By STEFANIE MATTESON
Staff Writer


BERNARDS — Edwin Hays was the tailgunner on a B-17 — named “Just Elmer’s Tune” after a Glenn Miller hit of the era — when his plane was shot down over Denmark on Feb. 24, 1944, by a German Messerschmitt that he, in turn, shot down.

It was his 13th mission, and he was 19 years old.

Hays, now 79, was one of 40 members of the New Jersey chapter of American Ex-Prisoners of War who turned out Thursday for a ceremony in their honor at the Department of Veterans Affairs New Jersey Health Care System, Lyons Campus, in the Lyons section.
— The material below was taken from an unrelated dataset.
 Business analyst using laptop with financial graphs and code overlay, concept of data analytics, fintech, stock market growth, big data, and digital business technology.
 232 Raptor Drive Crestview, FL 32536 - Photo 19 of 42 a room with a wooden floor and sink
The chapter’s state commander, Charles Susino, reminded them that of the 116,000 American POWs who returned from World War II (130,000 had been held), only 36,000 are still alive.

“You are history, and history is disappearing,” Susino told the gathering.
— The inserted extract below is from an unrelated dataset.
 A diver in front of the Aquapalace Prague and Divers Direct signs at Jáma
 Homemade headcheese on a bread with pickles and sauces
On that cold day in Denmark 60 years ago, Hays, who now lives in Paramus, was thinking about his girlfriend, not history. Thinking that he had bailed out over Germany, he said, the first thing he did was bury her photo to prevent it from getting into enemy hands.

He and his crewmates had actually touched ground near the Danish village of Logumkloster. A 16-year-old Danish boy named Johannes Ulrich, who had seen the men bailing out at 10,000 feet, headed out on his bicycle to the field where they landed.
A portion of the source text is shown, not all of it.